There are many architecturally significant mansions on the perimeter of the park, including the William Westerfeld House, the Archbishop's Mansion, the residences of the Russian and German Imperial consuls in the early 1900s, and the mansions on the block diagonally across from the Painted Ladies. In 1984, the Alamo Square Historic District was created by the Board of Supervisors, stating:

The Alamo Square Historic District is significant as a continuum of distinguished residential architecture by distinguished architects spanning the period from the 1870s to the 1920s.
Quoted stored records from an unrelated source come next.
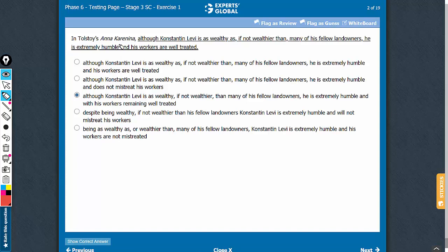Understanding the intended meaning is the key here. So in this book, this character is as wealthy as.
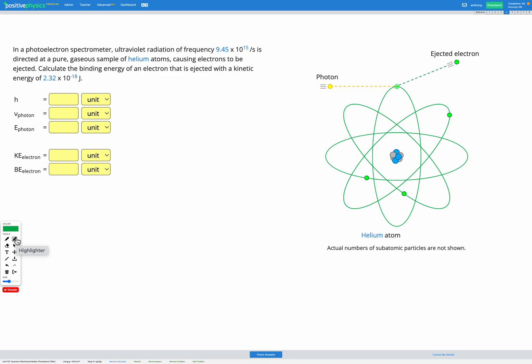In this question we have a photoelectron spectrometer with a pure gaseous sample of helium atoms. The photoelectron spectrometer sends ultraviolet radiation — photons — towards those helium atoms. The photons get absorbed by the helium atoms, and the energy of the photon is used first to remove the electron from the atom, and then as kinetic energy as the electron gets ejected.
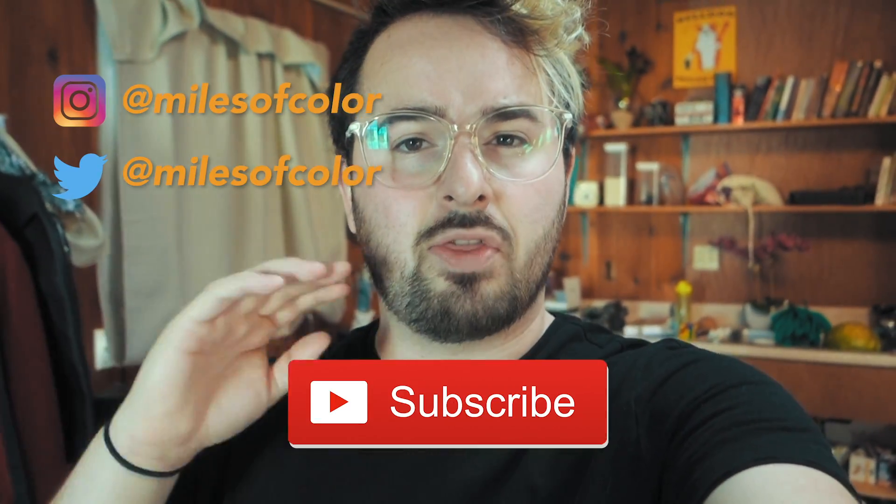Before we get started, please slam that follow button on the gram. Tweet me if you need to reach me and subscribe to see me thrive. And with that being said, let's hop into Photoshop.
The towered Westerfield House, the renowned "Postcard Row" with its background of the downtown skyline, and the neighboring streetscapes are as identified worldwide with San Francisco as the cable cars and Coit Tower. With a variety of architectural styles, the District is unified in its residential character, relatively small scale, construction type, materials (principally wood), intense ornamentation (especially at entry and cornice), and use of basements and retaining walls to adjust for hillside sites... With a high degree of integrity to its original designs, the District clearly serves as a visual reminder of how businessmen lived two to four generations ago.

===Demographics===

The demographics of the neighborhood are characteristic of other urban neighborhoods that have undergone gentrification: many young people and upper-middle-class homeowners, in addition to a diverse older population. Divisadero Street, which divides Alamo Square from North Panhandle, is home to a number of small businesses including a growing collection of hip and popular restaurants and bars, catering to the young tech professionals who are contributing to the booming San Francisco startup economy, and who value Alamo Square's weather, conveniently central location and easy access to transportation options.

Efforts on the part of Alamo Square and North Panhandle residents and merchants have led to restrictions on chain stores on the corridor.

Neighborhood groups include the Alamo Square Neighborhood Association and the Haight-Divisadero Neighborhood Merchants Association.

===Notable residents===
Author Alice Walker lived in one of the "Painted Lady" Victorians across from Alamo Square park up to the mid-1990s.